Lory Lover's Nightmare

Abstract

Author's Note: I write this article because I know the serious aviculturist can frequently learn from another's mistakes and misfortunes.

Jim Thomas

My friends know how much I love lories. I can't resist a new one that comes available if there is any way I can manage to get it. It's true, they are a lot of trouble compared to the seed-eaters, but I, for one, think they are worth it. I have a nice collection of them, I spend a lot of time with them, and I enjoy them more than any other birds I have owned.

My lories have always been healthy and hardy and I have bred them for several years with no problems. I have studied them carefully and put together a nectar formula I thought best for them and they have thrived on it. As I get new ideas, though, I change things and last year I made my first fatal mistake: I decided they needed more protein and began to use a lot of monkey chow, soaking the biscuits in the bowls of nectar. They loved it and I was happy I had solved the protein problem.

You can imagine my horror when I came out one morning in midDecember to find two of my adult birds dead - well-fleshed birds that had shown no symptoms or signs of problems of any sort. I called my vet and rushed the birds to the state diagnostic laboratory for a post-mortem. We concluded it must be a toxin of some sort since the birds were not in the same areas of my aviaries and were in such good condition.

Some of my collection are kept at my plant nursery a half-hour drive from my home. The next day I was really distressed to find one of my recently weaned hand-fed babies dead and the next day another one, both at the nursery. These were fat, healthy babies that had been playing the day before. Another of my adults at home is very ill and not eating. At this point, panic sets in and I begin many telephone conferences with my vet and other lory people.

Since the only thing my two separated collections had in common was their food, I rushed that to the lab for diagnosis and two days later got the answer: the monkey chow was loaded with Salmonella. By soaking the bisuicts in the nectar I had set up a rich culture medium that was ideal for rapid growth of this deadly bacterium. By this time, I had lost another breeding lory and others had stopped eating.

The next fatal mistake occurred when my vet recommended Furacin as treatment. I knew it was potent but at this point I figured I needed something fast. Fatal mistake number three came next when we decided to medicate the nectar since the lories drink little water. We decided on a dosage of one teaspoon per gallon and I proceeded to give it to them. I medicated the collection at the nursery on Friday evening before I left and called the next morning to ask how they were before I gave it to my major collection of breeders at home. I was told they were fine but I neglected to ask whether they had drunk the nectar. They hadn't.

Thinking everything was fine, I proceeded to medicate the morning nectar for my whole collection. They refused to drink it after one taste. I decided to give them nothing else so they had to drink enough of it.

That afternoon the nightmare really began. The first to go down was a black lory male at the nursery who started to scream loudly, fell from the perch and went into writhing convulsions, screaming all the time. I rushed him to the sick room, he became unconscious and I concluded he was dead. Half an hour later a black-capped male went through the exact same procedure. When I arrived in the sick room with him, however, I found the black up on the perch. They would convulse for minutes at a time, scream loudly, then recover. If I touched the cage or came near, they began convulsing again.

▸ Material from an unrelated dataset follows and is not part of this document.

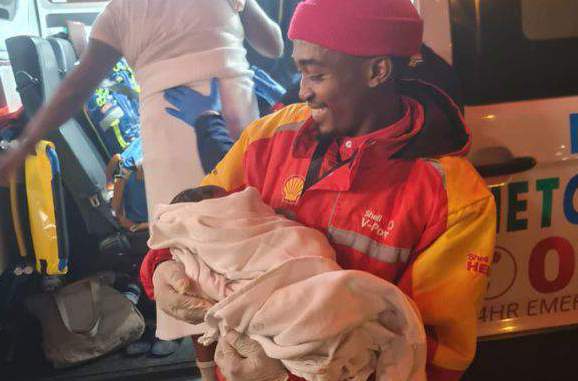 Petrol attendant who delivered baby takes step closer to paramedic dream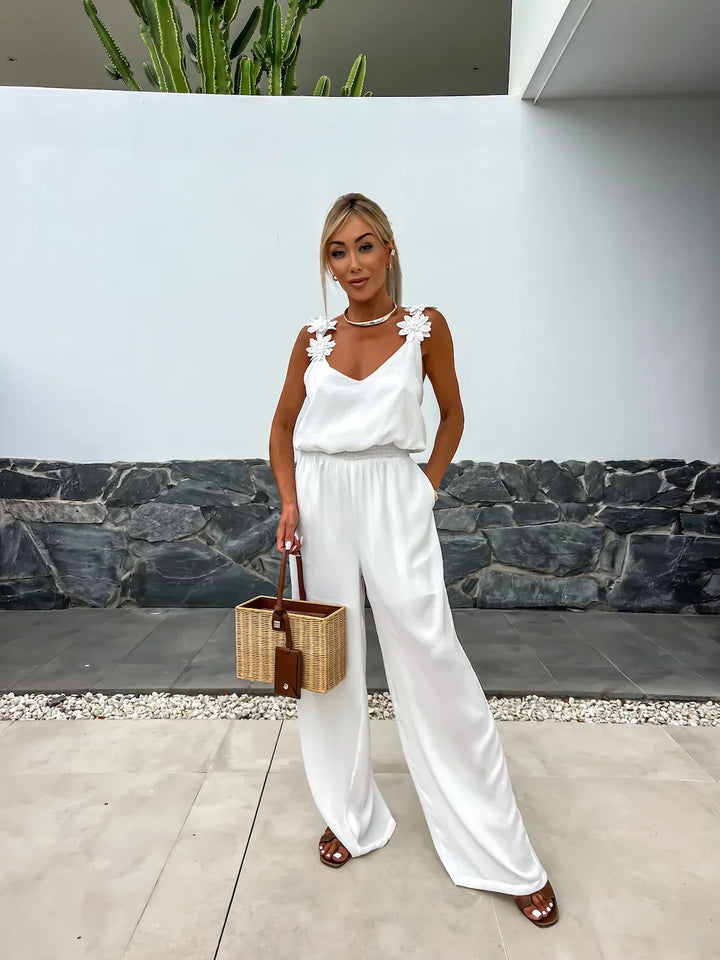Nadia long strap jumpsuit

When I arrived home I discovered that most of the collection still had not eaten much of the nectar. Now I'm really worried so I give them apple and more medicated nectar. The next morning, a cool Sunday I will never forget, I began my feeding routine and found they had eaten about half the nectar. I was horrified twenty minutes later to hear a chattering lory begin to scream and to see her fall from the perch in convulsions. What was going on? I carried her to the kitchen to be warmed and she quickly recovered but within minutes I hear the now familiar screaming begin again. This time it's a yellow streaked and I catch her in the net before she hits the ground. Already a dusky is starting the same screaming and convulsing. I had a stack of new nest boxes in the feed room, waiting to be hung, so I quickly began placing convulsing lories in them to go to the kitchen. The next hour was hell as my wife, Peg, and I tried to prevent affected birds from hitting the ground as they began the screaming. To see our rare and beautiful favorites go into shock one at a time was a traumatic experience, to put it mildly.